O sinal de alerta se torna ainda mais evidente com a reunião do o Comitê de Política Monetária (Copom) marcado para a próxima quarta-feira (19). A expectativa dos investidores é que o colegiado dê uma pausa no ciclo de queda de juros e mantenha a Selic a 10,50% ao ano. A percepção do mercado ganhou força após as mudanças das metas fiscais realizadas pelo governo em abril.

Na época, o Poder Executivo comunicou que a meta para as contas públicas para o próximo ano sairia de um superávit de 0,5% do Produto Interno Bruto (PIB) para 0%. Já em 2026, o superávit de 1% do PIB foi reduzido para 0,25%. As alterações aconteceram há menos de um ano do novo arcabouço fiscal entrar em vigor. Desde a mudança, o mercado pressiona o governo por um maior comprometimento com as contas públicas.

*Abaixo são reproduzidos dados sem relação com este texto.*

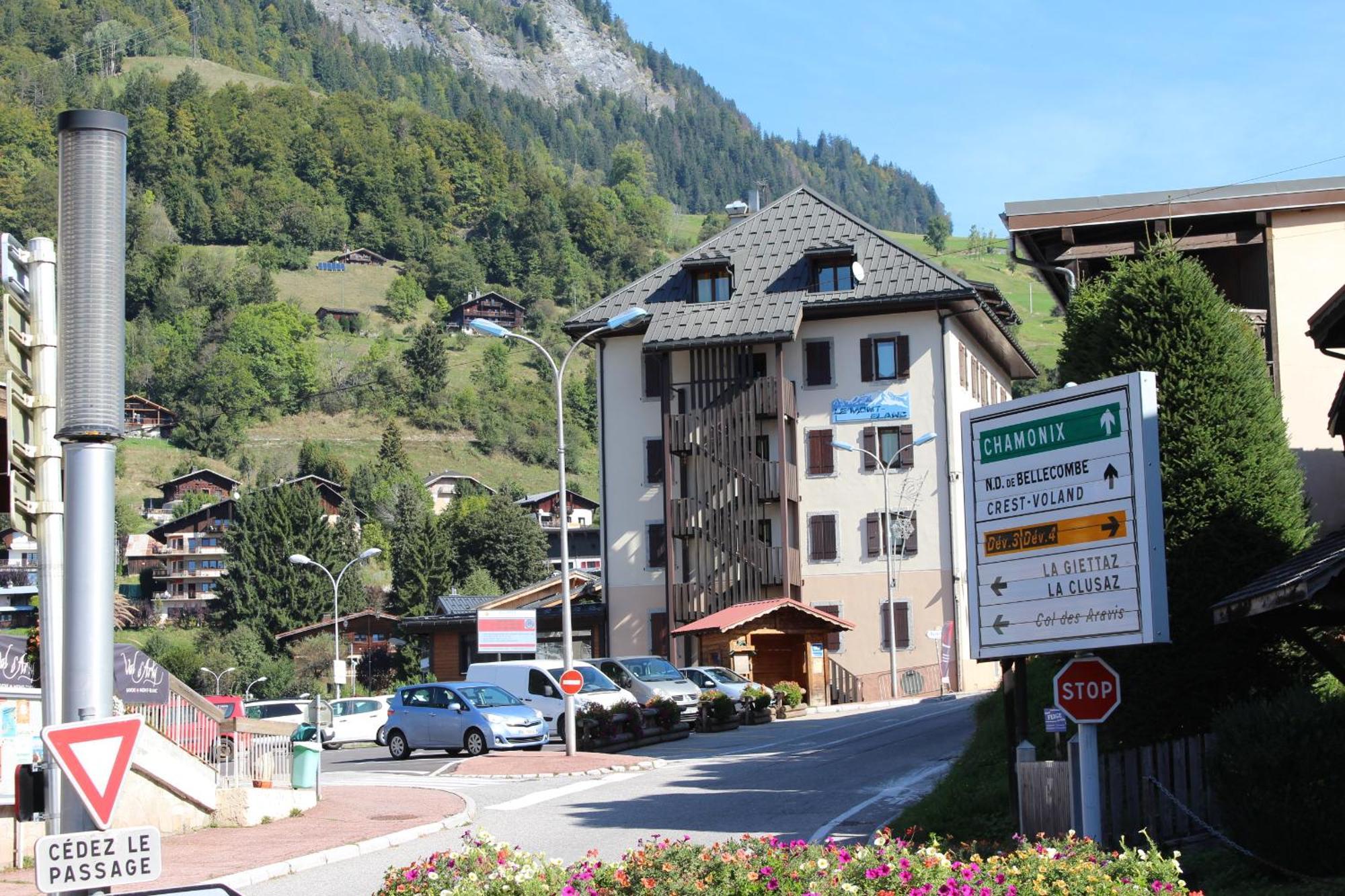 Le Montblanc-Flumet Hotel Exterior photo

Essa situação pode desencadear uma alta inflação nos próximos anos, o que pode tornar a rentabilidade dos prefixados desfavorável. Por essa razão, Marcos Moreira, sócio da WMS Capital, acredita que os títulos indexados ao IPCA não devem ficar de fora da carteira. “Dado a esse cenário fiscal mais desafiador, dado essas incertezas quanto ao equilíbrio das contas públicas, a proteção contra a inflação nesse momento é extremamente importante”, afirma Moreira.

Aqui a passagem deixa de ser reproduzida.